Furthermore, legal and intellectual property issues present significant hurdles in drug repurposing. For instance, many repurposed drugs may not offer adequate patent protection, which diminishes the financial incentives for pharmaceutical companies to pursue these opportunities. This is compounded by the complex nature of negotiating intellectual property agreements in multi-partner collaborations (Pushpakom et al. 2019) [33].

In summary, while drug repurposing holds great promise for addressing unmet medical needs, particularly in the context of complex diseases, the path to successful implementation is fraught with regulatory and legal challenges. Overcoming these barriers requires a concerted effort from various stakeholders, including regulators, researchers, and policymakers, to create a more conducive environment for drug repurposing initiatives.

5.2 Validation of New Indications

Drug repurposing is a strategy that involves identifying new therapeutic uses for existing drugs, and it has gained traction as a promising approach to accelerate the drug development process. Various strategies have been employed in drug repurposing, each with its own set of challenges and limitations, particularly concerning the validation of new indications.

The strategies for drug repurposing can be categorized into several key methodologies. One prominent approach is serendipitous observation, where unexpected therapeutic effects of a drug are discovered during its use for an original indication. Additionally, systematic methodologies have been developed to identify, screen, and develop existing drug molecules for new off-label indications. These systematic approaches often involve leveraging large datasets, molecular docking, and network analysis to identify potential candidates for repurposing [2][34].

However, despite the potential benefits, drug repurposing faces significant challenges.
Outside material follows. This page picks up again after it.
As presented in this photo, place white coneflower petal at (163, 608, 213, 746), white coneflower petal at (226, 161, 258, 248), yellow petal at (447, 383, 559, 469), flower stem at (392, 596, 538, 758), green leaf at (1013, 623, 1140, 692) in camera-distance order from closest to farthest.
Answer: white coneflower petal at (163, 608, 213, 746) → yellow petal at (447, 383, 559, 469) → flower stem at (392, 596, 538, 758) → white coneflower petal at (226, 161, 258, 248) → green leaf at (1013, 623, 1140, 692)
One major limitation is the high attrition rate associated with repurposing attempts, which can stem from insufficient understanding of the drug's pharmacological characteristics, formulation issues, and the complexities involved in evaluating efficacy in biological assays [2]. Regulatory concerns also pose significant hurdles, particularly the lack of clear guidelines for the evaluation of repurposed drugs and the market exclusivity challenges that can discourage investment [2][33].
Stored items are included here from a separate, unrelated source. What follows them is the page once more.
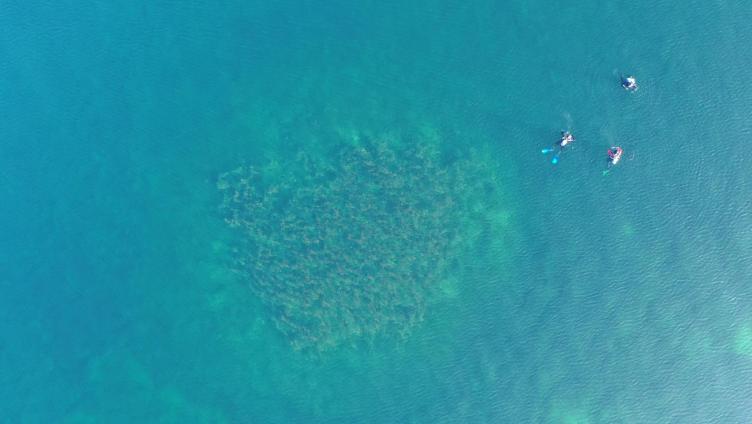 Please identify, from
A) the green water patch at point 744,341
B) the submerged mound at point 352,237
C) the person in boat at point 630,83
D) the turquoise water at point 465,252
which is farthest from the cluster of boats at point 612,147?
the green water patch at point 744,341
The validation of new indications for repurposed drugs is a critical phase in the drug repurposing process. Successful validation typically requires robust clinical trial methodologies, including the use of biomarker-driven approaches to provide conclusive evidence of efficacy in the new indication [2]. Furthermore, it is essential to conduct evaluations in representative biological assays that have translational potential, ensuring that findings from preclinical studies can be effectively translated to clinical settings [2].

Despite these challenges, advancements in methodologies, including the integration of real-world clinical data and pharmacoepidemiological approaches, have shown promise in enhancing the validation process. These approaches leverage observational data from large patient populations to establish the efficacy of candidate drugs before they enter formal clinical trials [34]. However, it is crucial to acknowledge that these methods are also subject to limitations and potential biases, necessitating careful design and execution of validation studies [34].
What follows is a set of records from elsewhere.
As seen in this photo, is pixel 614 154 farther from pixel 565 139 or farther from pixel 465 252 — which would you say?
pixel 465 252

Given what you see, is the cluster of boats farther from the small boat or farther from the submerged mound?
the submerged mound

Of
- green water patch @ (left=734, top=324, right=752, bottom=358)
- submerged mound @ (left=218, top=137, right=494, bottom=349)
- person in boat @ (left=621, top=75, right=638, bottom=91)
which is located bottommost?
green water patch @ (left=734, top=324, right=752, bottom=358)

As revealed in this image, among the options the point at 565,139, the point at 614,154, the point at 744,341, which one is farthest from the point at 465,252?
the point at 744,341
In summary, while drug repurposing offers a strategic avenue for discovering new therapeutic applications for existing drugs, the complexities associated with validation, regulatory frameworks, and the need for comprehensive evaluation methods present significant challenges that must be addressed to realize its full potential in clinical practice.

5.3 Market and Commercialization Issues

Drug repurposing, which involves identifying new therapeutic uses for existing drugs, presents a promising avenue for addressing various medical conditions, particularly in oncology and other areas. However, it is accompanied by several challenges and limitations, particularly in terms of market and commercialization issues.

One of the primary challenges in drug repurposing is the financial disincentive for commercial entities to invest in the repurposing of off-patent drugs. As noted, "off-patent medicines do not provide enough private incentives for investment," leading to a situation where the market may lack interest in pursuing marketing authorization for repurposed indications, even when trials demonstrate efficacy (Garcia-Diaz et al. 2025) [30]. This lack of commercial motivation is exacerbated by the regulatory burden associated with gaining approval for new indications, which can be significant, especially for drugs that are already available on the market.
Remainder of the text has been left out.